A Cúpula dos Povos questiona a incoerência do governo peruano na sua qualidade de Presidente da COP 20. Por suas políticas ambientalistas, trabalhistas e fiscais adotadas recentemente a favor da iniciativa privada –rebaixando padrões e regulações que afetam direitos coletivos, ambientais e culturais. Denunciamos a repressão dos representantes indígenas, líderes sindicais e agricultores, ativistas ambientais, bem como a hostilização de delegações que chegaram à Cúpula dos Povos de várias regiões do país e no exterior.

A Cúpula dos Povos questiona a captura corporativa da Convenção-Quadro das Nações Unidas sobre Mudança do Clima. As grandes corporações transnacionais “acompanham” os governos nas negociações globais para chegar a um acordo sobre medidas com o único propósito de fazer acordos para limpar a responsabilidade dos paíeses industrializados por suas emissões de gases de efeito estufa e por serem os principais responsáveis pela mudança climática. 

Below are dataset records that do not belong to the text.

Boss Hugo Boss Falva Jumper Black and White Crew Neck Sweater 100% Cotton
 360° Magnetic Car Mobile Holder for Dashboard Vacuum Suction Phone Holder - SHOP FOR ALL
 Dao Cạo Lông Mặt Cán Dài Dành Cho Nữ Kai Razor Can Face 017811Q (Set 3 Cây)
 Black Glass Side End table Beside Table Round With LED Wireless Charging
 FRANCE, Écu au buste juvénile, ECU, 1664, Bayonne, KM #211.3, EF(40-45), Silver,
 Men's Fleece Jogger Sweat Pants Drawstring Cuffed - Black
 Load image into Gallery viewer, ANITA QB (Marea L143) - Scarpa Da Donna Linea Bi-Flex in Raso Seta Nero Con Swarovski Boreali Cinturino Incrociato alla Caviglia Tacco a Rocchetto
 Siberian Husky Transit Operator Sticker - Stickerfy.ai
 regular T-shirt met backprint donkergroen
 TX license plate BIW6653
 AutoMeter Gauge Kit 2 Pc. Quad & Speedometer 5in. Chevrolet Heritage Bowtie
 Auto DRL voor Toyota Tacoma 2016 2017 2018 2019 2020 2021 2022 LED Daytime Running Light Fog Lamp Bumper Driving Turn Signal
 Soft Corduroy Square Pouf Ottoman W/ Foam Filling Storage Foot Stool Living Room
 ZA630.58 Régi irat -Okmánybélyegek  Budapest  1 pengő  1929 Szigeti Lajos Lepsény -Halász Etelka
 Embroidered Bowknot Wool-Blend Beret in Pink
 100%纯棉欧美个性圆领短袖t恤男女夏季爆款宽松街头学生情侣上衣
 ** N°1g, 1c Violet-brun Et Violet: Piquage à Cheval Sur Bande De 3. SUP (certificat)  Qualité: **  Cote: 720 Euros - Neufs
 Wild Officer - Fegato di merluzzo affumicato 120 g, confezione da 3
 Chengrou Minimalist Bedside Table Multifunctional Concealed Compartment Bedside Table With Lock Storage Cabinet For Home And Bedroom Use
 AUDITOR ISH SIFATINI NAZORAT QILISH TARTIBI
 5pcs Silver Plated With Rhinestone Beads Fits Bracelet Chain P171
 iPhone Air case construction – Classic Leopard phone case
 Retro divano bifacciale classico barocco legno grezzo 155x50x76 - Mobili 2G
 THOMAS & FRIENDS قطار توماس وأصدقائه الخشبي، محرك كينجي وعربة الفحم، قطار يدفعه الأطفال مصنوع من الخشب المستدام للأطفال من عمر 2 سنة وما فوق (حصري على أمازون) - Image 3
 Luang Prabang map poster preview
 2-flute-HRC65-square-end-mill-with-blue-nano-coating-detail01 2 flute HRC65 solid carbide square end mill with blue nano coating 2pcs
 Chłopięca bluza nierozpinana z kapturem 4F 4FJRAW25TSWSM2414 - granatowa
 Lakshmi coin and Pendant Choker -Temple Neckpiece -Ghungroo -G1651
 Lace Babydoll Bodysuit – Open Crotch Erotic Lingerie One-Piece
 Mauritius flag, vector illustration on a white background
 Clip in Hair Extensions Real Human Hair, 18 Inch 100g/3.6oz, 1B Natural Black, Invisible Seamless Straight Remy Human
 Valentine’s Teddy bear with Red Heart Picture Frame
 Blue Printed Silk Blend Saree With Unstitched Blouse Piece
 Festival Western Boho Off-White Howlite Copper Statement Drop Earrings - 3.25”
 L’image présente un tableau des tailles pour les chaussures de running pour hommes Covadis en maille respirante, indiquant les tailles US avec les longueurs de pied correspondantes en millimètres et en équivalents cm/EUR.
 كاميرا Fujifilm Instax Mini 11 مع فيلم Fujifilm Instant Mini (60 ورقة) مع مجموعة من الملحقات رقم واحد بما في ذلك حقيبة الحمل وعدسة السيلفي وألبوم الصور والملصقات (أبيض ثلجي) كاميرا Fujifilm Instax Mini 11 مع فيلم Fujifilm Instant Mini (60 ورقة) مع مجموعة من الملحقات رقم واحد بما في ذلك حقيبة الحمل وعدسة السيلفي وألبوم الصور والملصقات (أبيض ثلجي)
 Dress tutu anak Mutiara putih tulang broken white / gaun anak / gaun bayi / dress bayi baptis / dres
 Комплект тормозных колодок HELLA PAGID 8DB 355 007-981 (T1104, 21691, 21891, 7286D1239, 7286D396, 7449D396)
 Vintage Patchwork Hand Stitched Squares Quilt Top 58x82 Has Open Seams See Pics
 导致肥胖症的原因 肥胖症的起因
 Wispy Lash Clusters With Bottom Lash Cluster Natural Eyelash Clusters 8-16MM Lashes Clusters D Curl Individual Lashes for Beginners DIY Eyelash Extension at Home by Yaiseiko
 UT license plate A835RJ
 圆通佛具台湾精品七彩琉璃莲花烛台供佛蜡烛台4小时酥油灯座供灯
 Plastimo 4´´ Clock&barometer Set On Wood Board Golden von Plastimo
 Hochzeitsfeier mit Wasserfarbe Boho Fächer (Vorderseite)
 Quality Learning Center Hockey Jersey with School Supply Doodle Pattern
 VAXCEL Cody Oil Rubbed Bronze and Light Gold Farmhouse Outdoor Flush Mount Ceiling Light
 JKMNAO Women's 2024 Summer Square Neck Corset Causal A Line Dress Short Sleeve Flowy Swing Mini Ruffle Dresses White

Exigimos o pagamento dos serviços da dívida externa e interna, que sufocam o povo e limitam a capacidade dos Estados para atender às necessidades básicas das populações, e que esse dinheiro se destine a enfrentar a crise ambiental e climática porque a sobrevivência da humanidade e todas as espécies vivas do planeta depende de vencer esta crise.

A Cúpula dos Povos saúda a mobilização comprometida e entusiasmada de dezenas de milhares de cidadãos de todo o mundo, que participaram da Grande Marcha Global em Defesa da Mãe Terra, no dia 10 de dezembro em Lima e outras cidades do mundo.

Esta grande concentração de organizações, movimentos e delegações do Peru e numerosos países é a expressão mais clara da posição dos povos em favor de uma harmonia justa e democrática, para garantir entre a existência humana e os direitos da natureza e mãe Terra.

Seguimos fortalecendo a articulação das nossas lutas, de forma ativa e permanente nas muitas manifestações de 2015, em especial em Paris, França, onde vai acontecer a COP 21. Desde já  movimentos sociais de todo o mundo se preparam para continuar a luta por nossos territórios em defesa da vida, até que se cumpram as nossas exigências. Vamos continuar a lutar para mudar o sistema … não o clima!